THE VISION AND THE VALLEY
By Hugh Farquhar
The Lectionary Gospel Reading for next Sunday is Mark 9:2-9.
I make a point of teaching my students at Atlantic School of Theology always to consider the context of a passage of Scripture. It’s important to note what happened just before and just after because either may be significant for an authentic understanding of the text. That is the case with this passage. What follows is germane to its interpretation.
So, Jesus took three of his disciples “up a high mountain, apart by themselves. And he was transfigured before them, and his clothes became dazzling white.” What exactly happened, we can never know. What we do know is that it was a spiritual mountain-top experience for the disciples.

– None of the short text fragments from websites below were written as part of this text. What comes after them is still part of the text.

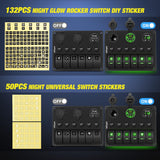 Nilight 6 Gang Rocker Switch Panel Waterproof Pre-Wired Aluminum Panels with PD Type C and USB Cigarette Lighter Socket Voltmeter 12V 24V ON Off Switches for Car Trucks Boats RVs Green, view 5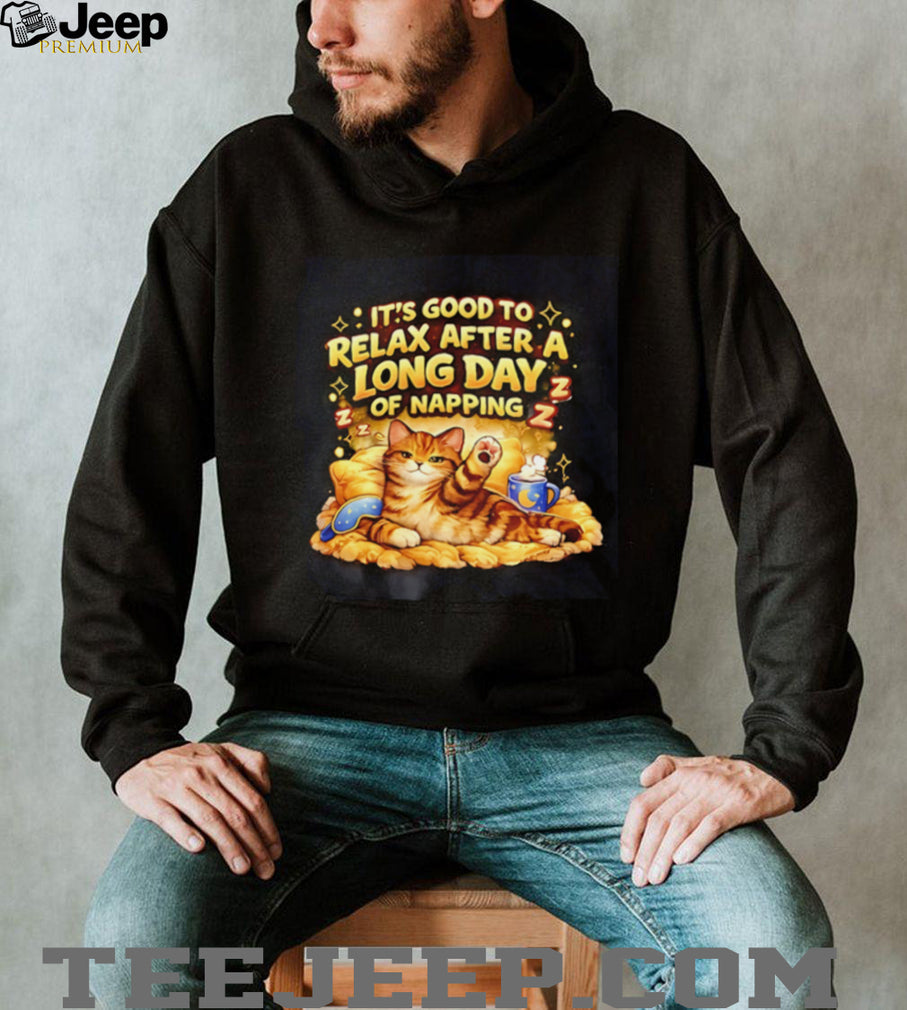 It’s good to relax after a long day of napping cat illustration shirt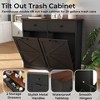 ORRD Farmhouse 20 Gallon Trash Cabinet with Tilt-Out Bins & Hideaway Drawer, Barn Door Style Recycling Station for Kitchen/Laundry（Black） - 2 of 4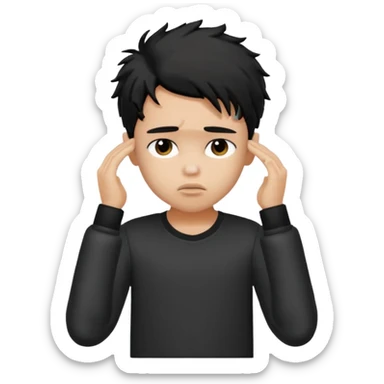 a PRETTY BRATZ boy with black messy hair, one hand on head. looking sad sticker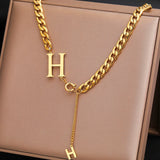 Stainless Steel Letters Pendant Cuban Chains Necklace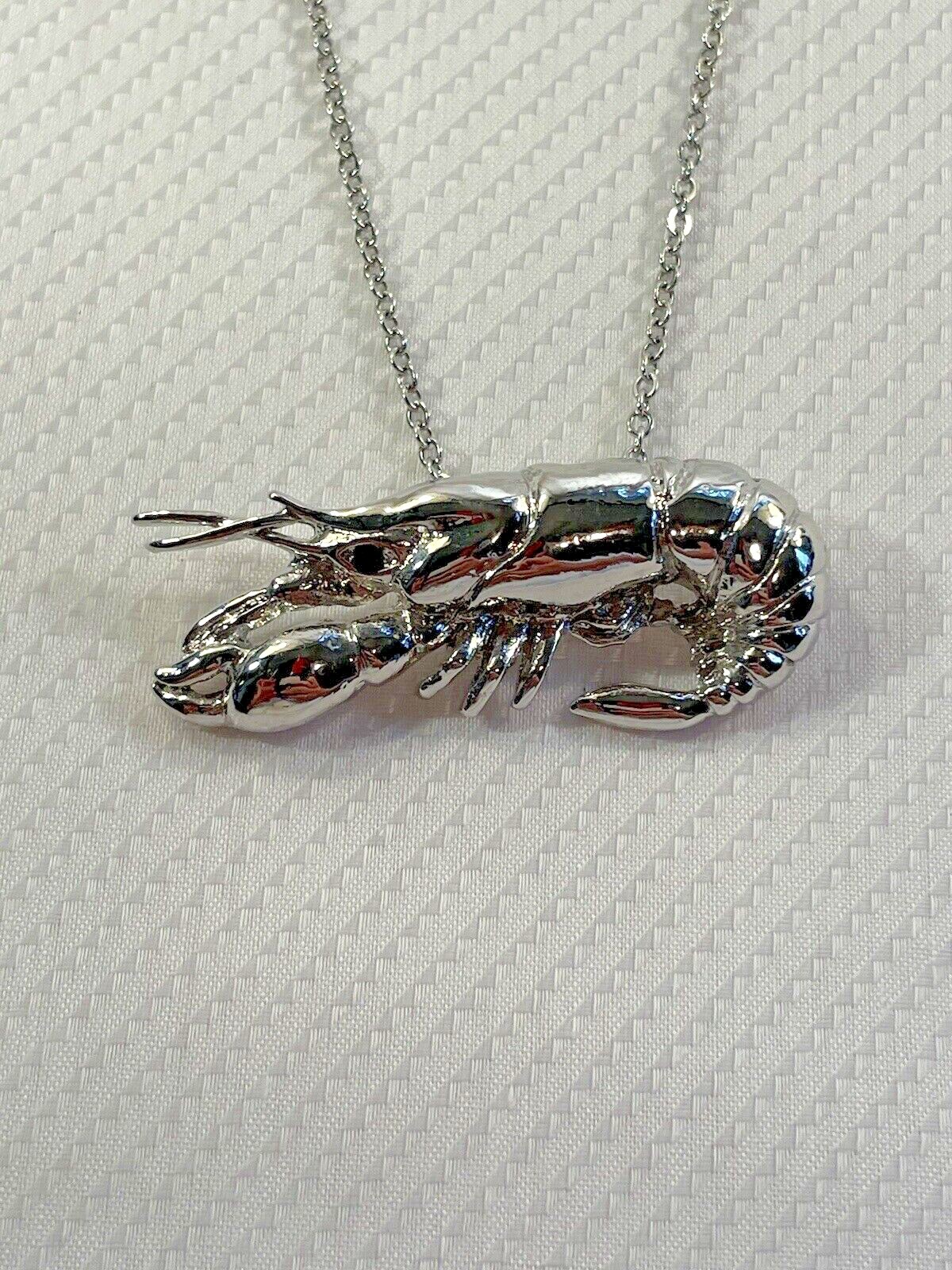 Crawfish Lobster Charm Pendant Necklace 20” Stainless Chain Coastal Jewelry NEW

Peter wanted it to last. “Let’s pitch some tents,” he said to the others. “Let’s hang on to this spiritual high. Let’s stay here.”
We can understand that. Who wouldn’t want to freeze those grand moments when we’re “lost in wonder, love, and praise” to quote a traditional hymn. lyric. This is the reason one of the most popular hymns of all time talks about “He walks with me and he talks with me and he tells me I am his own.” We cherish those moments of personal relationship with God.
But we can never stay there. The disciples soon had to go down the mountain and were immediately confronted by a distraught parent, pleading on behalf of his suffering son. The mountaintop experience was inspiring – it was personal and reassuring – but it was no ivory tower where they could linger long and escape the realities of ordinary life and the needs of hurting people.
A fine theologian and teacher, Georgia Harkness, asserts this in a poem entitled “Transfiguration.”
“Transfigured on a mount, the Master stood,
His raiment white and dazzling to the sight.
In radiance divine. It would be good
To stay and dwell forever in that light,
He knew that in the vale below a sick boy lay,
And troubled folk they might bring healing to.”
Being Christian means savouring a personal relationship with God and relishing the joys that faith affords. We have those mountaintop moments when we see into mystery and sense God’s nearness. But that can never be all there is to it. Jesus always takes us down the mountain, to the valley below, and troubled folk we might bring healing to.
We are not invited to stay on the mountain top, agog at God, and shielded from the world’s pain. We are invited to follow Jesus down off the mountain, to be lovers and healers in the valley of the world’s pain and sorrow.
Writes Robert McAfee Brown in his book, Reclaiming the Bible, “The vision and the valley cannot be separated, any more than spirituality and justice can be separated . . . and our struggle now is connecting the wonder of the spiritual experience to the very down-to-earth realities of our daily life.”
As we enter the reflective Season of Lent this week, it would be appropriate for us to be considering where and how we might be making that connection.